# AVAILABLE DATA

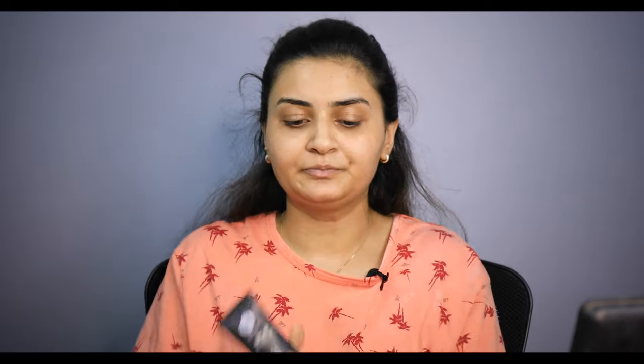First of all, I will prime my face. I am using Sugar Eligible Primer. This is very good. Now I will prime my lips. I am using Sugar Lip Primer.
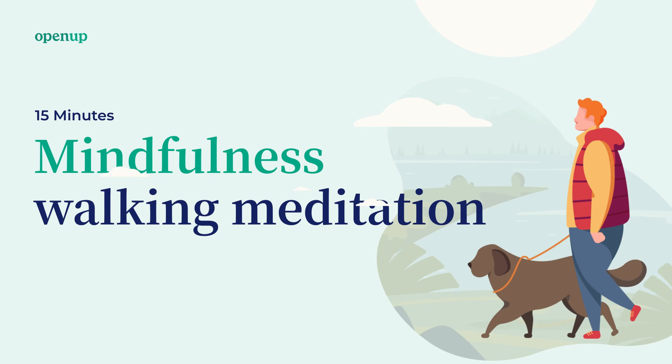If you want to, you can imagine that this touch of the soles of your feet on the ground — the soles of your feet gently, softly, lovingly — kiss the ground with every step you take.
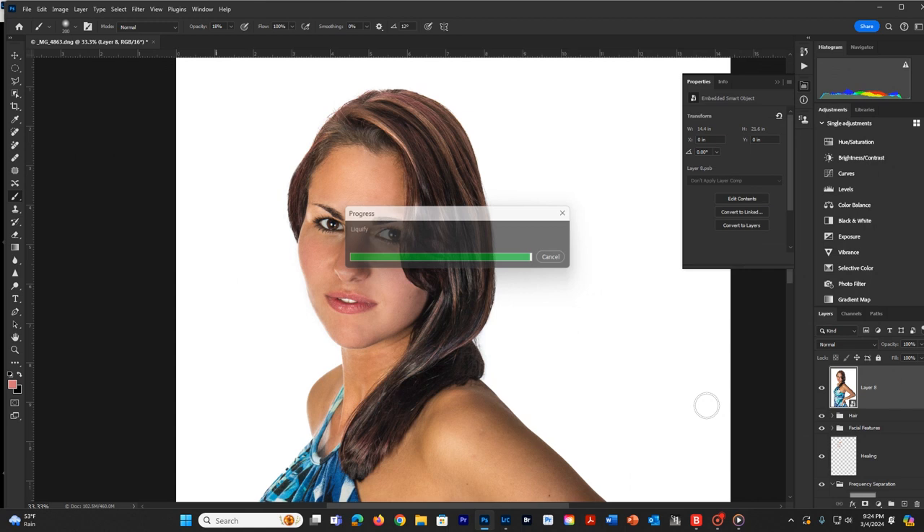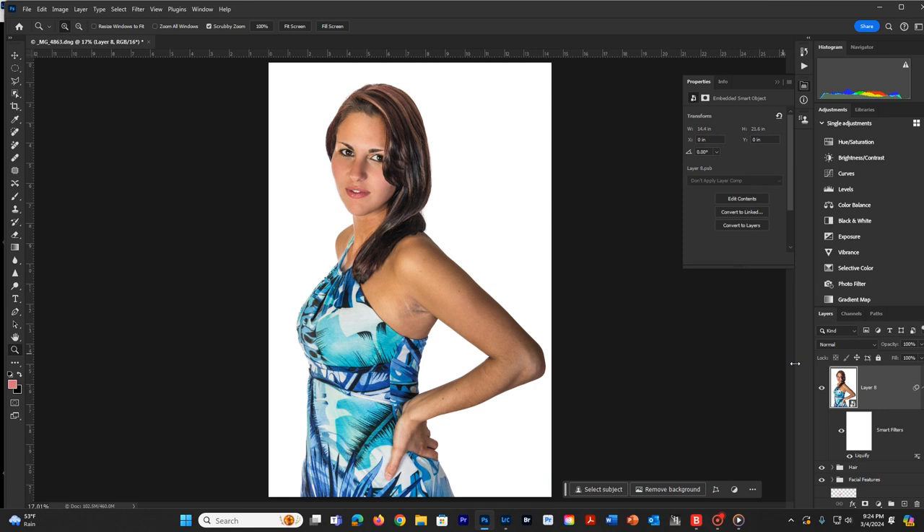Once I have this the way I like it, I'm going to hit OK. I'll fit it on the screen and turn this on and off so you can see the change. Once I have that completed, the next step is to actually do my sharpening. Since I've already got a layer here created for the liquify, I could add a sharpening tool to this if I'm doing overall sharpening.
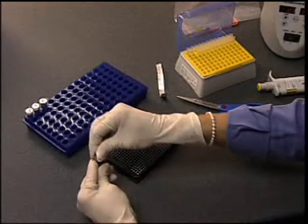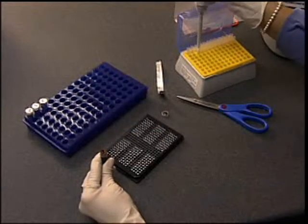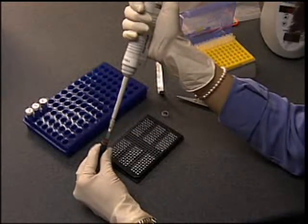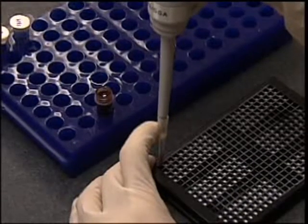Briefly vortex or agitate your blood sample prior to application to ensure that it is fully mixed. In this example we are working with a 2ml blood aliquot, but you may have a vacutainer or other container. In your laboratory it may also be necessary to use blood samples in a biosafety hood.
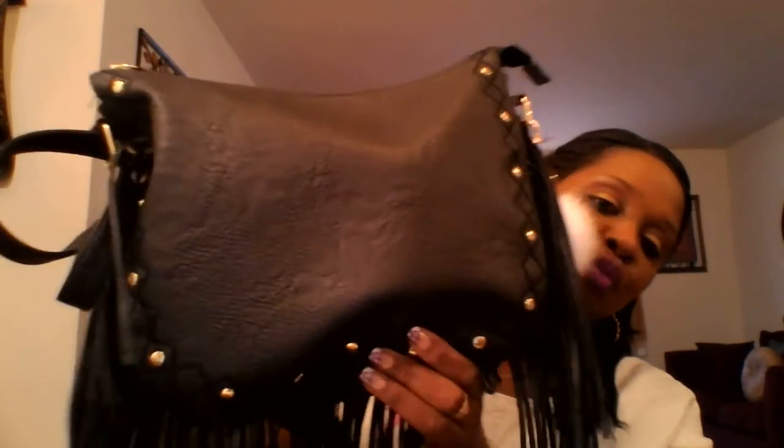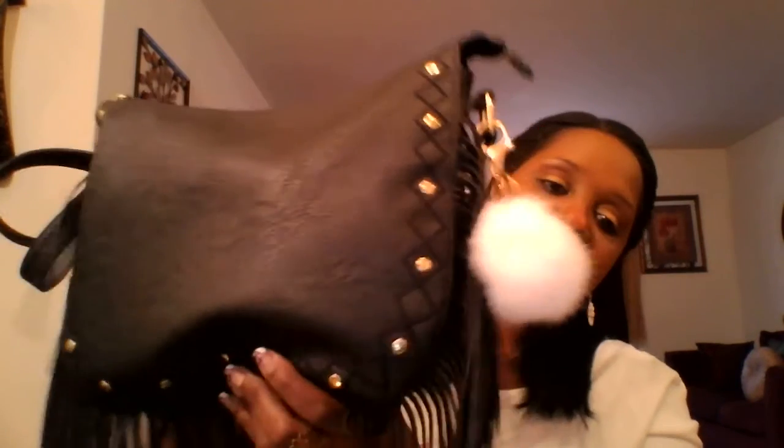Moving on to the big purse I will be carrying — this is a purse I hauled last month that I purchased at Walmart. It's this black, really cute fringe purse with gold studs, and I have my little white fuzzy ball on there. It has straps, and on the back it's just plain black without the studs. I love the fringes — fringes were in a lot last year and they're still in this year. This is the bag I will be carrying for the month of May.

# WORK INSTRUCTION
Repeat each line of the listing word for word, from the first through the line that contains "If you want". Any picture stays out.

# WRITTEN ANSWER
First of all, I will prime my face. I am using Sugar Eligible Primer. This is very good. Now I will prime my lips. I am using Sugar Lip Primer.
If you want to, you can imagine that this touch of the soles of your feet on the ground — the soles of your feet gently, softly, lovingly — kiss the ground with every step you take.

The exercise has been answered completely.